III. LEGAL STANDARDS

Rule 12(b)(6) of the Federal Rules of Civil Procedures provides for motions to dismiss for “failure to state a claim upon which relief can be granted.” And “the question whether [a] claim is barred by the statute of limitations ... should ... be raised through a Rule 12(b)(6) motion to dismiss for failure to state a claim.” See Supermail Cargo, Inc. v. United States, 68 F.3d 1204, 1206 n.2 (9th Cir. 1995); Ledesma v. Jack Stewart Produce, Inc., 816 F.2d 482, 484 n.1 (9th Cir. 1987) (a statute of limitations defense may be raised in a motion to dismiss if the running of the statute is apparent from the face of the complaint).

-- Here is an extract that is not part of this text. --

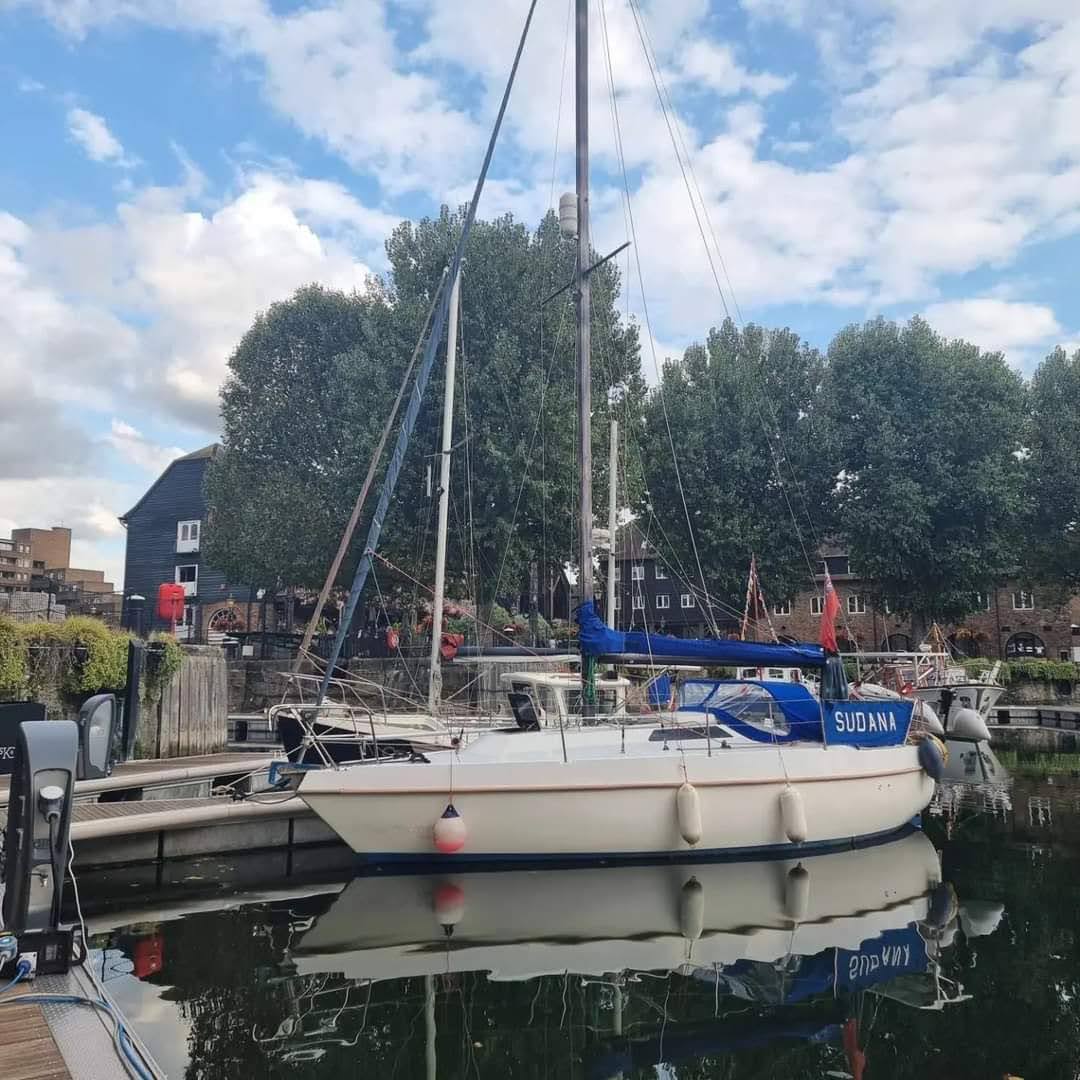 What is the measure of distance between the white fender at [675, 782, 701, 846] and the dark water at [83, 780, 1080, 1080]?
608 mm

A motion to dismiss under Rule 12(b)(6) “tests the legal sufficiency of a claim.” Navarro v. Block, 250 F.3d 729, 732 (9th Cir. 2001). In resolving a 12(b)(6) motion, the Court's review is generally limited to the “allegations contained in the pleadings, exhibits attached to the complaint, and matters properly subject to judicial notice.” Manzarek v. St. Paul Fire & Marine Ins. Co., 519 F.3d 1025, 1030-31 (9th Cir. 2008) (internal quotation marks and citations omitted). Dismissal is proper if there is a “lack of a cognizable legal theory or the absence of sufficient facts alleged under a cognizable legal theory.” Balistreri v. Pacifica Police Dep't, 901 F.2d 696, 699 (9th Cir. 1988) (citation omitted).

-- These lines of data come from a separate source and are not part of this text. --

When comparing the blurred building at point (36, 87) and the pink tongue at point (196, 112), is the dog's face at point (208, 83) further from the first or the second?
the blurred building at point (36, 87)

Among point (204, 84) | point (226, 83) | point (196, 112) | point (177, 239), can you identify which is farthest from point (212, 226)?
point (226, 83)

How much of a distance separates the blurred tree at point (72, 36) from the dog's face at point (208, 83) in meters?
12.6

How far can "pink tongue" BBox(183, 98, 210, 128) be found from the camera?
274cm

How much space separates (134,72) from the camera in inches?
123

“To survive a motion to dismiss, a complaint must contain sufficient factual matter, accepted as true, to ‘state a claim to relief that is plausible on its face.'” Ashcroft v. Iqbal, 556 U.S. 662, 678 (2009) (quoting Bell Atl. Corp. v. Twombly, 550 U.S. 544, 570 (2007)). The Court “accept[s] as true all well-pleaded allegations of material fact, and construe[s] them in the light most favorable to the non-moving party.” Daniels-Hall v. Nat'l Educ. Ass'n, 629 F.3d 992, 998 (9th Cir. 2010) (citation omitted). In addition, the Court construes pleadings of pro se prisoners liberally and affords them the benefit of any doubt. Hebbe v. Pliler, 627 F.3d 338, 342 (9th Cir. 2010) (citation omitted). However, “the liberal pleading standard .. applies only to a plaintiff's factual allegations,” not his legal theories. Neitze v. Williams, 490 U.S. 319, 330 n.9 (1989).

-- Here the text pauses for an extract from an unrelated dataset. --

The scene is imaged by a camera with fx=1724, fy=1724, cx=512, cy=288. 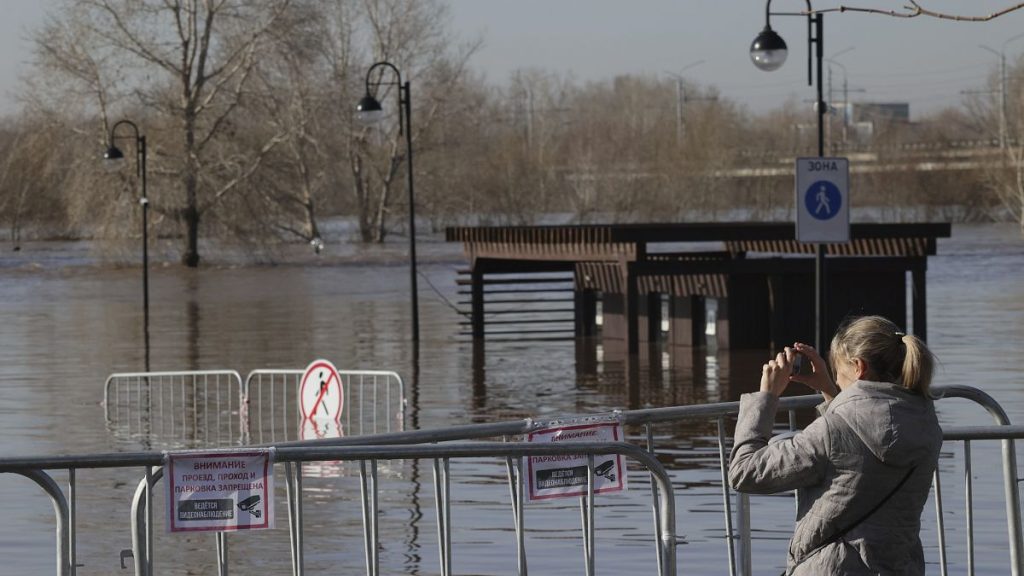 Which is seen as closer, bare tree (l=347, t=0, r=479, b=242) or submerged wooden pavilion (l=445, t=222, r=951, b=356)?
submerged wooden pavilion (l=445, t=222, r=951, b=356)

IV. SUMMARY OF THE PARTIES' BRIEFING

Defendant's Motion to Dismiss (Doc. 31)

Defendant contends that the claims and issues litigated in a state court proceeding are identical to the claims asserted in this action, barring Plaintiff's operative complaint by the doctrines of res judicata and collateral estoppel. Because Plaintiff's injury occurred on February 2, 2017, his May 25, 2022, the complaint is also barred by the applicable statute of limitations.

Plaintiff's complaint is signed and dated May 25, 2022, and was filed with the Court on June 2, 2022.

Plaintiff's Opposition (Doc. 39)

Plaintiff contends the state court dismissal “was not due to a failure to state a viable Eighth Amendment deliberate indifference claim,” but because Defendant contended there was no evidence to support his claim. Because the dismissal was without prejudice, Plaintiff contends he was able to refile the action in this Court and applying “collateral estoppel/res judicata . would be poor, cursory, and unfair.” He asserts that because this Court “has established that there was in fact an Eighth Amendment claim established and violation under the law,” that “demonstrates that the [state] court erred in judgment, poor decision making, and [governing] law.” Further, Plaintiff contends a review of the state court claims will reveal he did not have a full and fair opportunity to litigate his claims. Finally, Plaintiff contends this action is not barred by the statute of limitations because he is entitled to equitable tolling.

Defendant's Reply (Doc. 44)

Defendant contends the doctrines of res judicata and collateral estoppel apply, and Plaintiff is not entitled to equitable tolling because he did not pursue his rights diligently, fails to establish extraordinary circumstances, and did not act in good faith.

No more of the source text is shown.